Aux premiers coups échangés entre Yliès Villaudière et Talbi, son adversaire du soir, on a mal pour eux. Parce que c’est Jablonsky morne plaine. Il est 16h. Habituellement un gala bien troussé par le Boxing club, ça ne débute pas avant 20h, quart d’heure berrichon pas compris. Du coup, les baies vitrées du gymnase diffusent la lumière du jour. Une incongruité. Autour du ring, on ne dénombre qu’une petite grosse trentaine de spectateurs. À y regarder de plus près, se trouvent là journalistes, bénévoles de l’organisation, juges et une poignée d’élus ou de partenaires installés à l’écart, distanciation physique oblige.

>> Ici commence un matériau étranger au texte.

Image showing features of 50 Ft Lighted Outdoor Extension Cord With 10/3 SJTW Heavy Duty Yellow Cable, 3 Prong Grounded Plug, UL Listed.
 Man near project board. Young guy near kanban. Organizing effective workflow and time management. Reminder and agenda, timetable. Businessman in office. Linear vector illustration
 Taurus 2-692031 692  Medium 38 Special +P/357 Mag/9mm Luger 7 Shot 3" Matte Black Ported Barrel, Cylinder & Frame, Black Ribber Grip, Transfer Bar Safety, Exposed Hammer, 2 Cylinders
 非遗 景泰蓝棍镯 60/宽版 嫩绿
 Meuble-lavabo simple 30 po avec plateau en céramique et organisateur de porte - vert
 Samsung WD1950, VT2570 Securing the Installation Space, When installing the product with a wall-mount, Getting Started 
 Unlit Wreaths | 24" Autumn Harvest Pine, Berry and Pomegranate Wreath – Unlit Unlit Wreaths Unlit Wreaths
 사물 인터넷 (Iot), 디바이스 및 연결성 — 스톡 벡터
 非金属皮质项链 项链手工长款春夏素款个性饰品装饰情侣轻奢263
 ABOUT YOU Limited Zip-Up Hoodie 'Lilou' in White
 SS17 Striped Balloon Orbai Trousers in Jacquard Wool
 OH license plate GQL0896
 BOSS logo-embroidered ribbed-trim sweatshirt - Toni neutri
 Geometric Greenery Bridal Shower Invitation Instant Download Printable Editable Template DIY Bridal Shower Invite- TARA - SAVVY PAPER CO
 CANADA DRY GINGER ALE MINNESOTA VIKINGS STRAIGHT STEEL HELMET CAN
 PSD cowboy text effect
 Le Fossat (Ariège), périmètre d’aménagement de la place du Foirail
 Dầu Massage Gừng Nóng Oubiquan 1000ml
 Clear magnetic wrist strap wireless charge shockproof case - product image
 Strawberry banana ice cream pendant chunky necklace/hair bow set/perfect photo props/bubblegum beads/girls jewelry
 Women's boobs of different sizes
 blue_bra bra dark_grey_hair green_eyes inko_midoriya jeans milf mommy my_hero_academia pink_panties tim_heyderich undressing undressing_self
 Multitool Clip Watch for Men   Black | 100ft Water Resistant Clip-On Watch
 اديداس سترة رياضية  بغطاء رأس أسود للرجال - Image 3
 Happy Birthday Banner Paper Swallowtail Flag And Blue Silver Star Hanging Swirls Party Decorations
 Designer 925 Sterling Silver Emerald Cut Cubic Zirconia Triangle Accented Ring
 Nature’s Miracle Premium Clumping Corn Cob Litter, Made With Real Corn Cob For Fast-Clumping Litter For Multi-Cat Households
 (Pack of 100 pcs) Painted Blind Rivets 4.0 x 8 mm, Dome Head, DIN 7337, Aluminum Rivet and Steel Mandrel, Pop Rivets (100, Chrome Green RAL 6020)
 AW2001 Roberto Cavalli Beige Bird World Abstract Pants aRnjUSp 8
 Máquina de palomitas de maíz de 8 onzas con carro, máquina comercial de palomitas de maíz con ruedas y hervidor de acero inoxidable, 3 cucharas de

On imagine aisément le crève-cœur pour Sofien Bahi que la conservation de la ceinture de champion des mi-lourds de Thomas Faure ne consolera qu’à moitié. Il passera d’ailleurs sa soirée un œil rivé sur ses trois  poulains, l’autre à scruter les niveaux de gel hydroalcoolique ou le passage du moindre grain de sable qui pourrait gripper la machine. La diffusion en direct sur Bip TV, deux résultats nuls, une victoire et la couronne de champion conservées lui donneront heureusement du baume au coeur. Mais pas certain qu’il retentera pareille aventure dans ces conditions.

La « nécropole » Gaston-Petit

 

Mardi 2 février. La température est printanière sur Châteauroux. Voilà plusieurs semaines que la Berrichonne promène la lanterne rouge de stade en stade (alerte spoiler : la venue de Chambly pourtant atomisé 4-0 ne changera rien à l’affaire). Gaston-Petit sonne creux et l’expérience en immersion est particulière : c’est comme si vous étiez posé au milieu de la pelouse, au contact des joueurs le tout en dolby stéréo, 5.0, barre de son et tout le toutim. Mais qu’est-ce que ça cause un joueur sur un pré ! Quant au secret sur les échanges avec l’arbitre, il est largement éventé. En tribune, c’est comme si Sylvain Rogie, le journaliste de France Bleu Berry, commentait sur vos genoux tellement sa voix résonne. Les joueurs hors groupe, eux, ont pour mission de chambrer. Ils tiennent leur rôle à merveille.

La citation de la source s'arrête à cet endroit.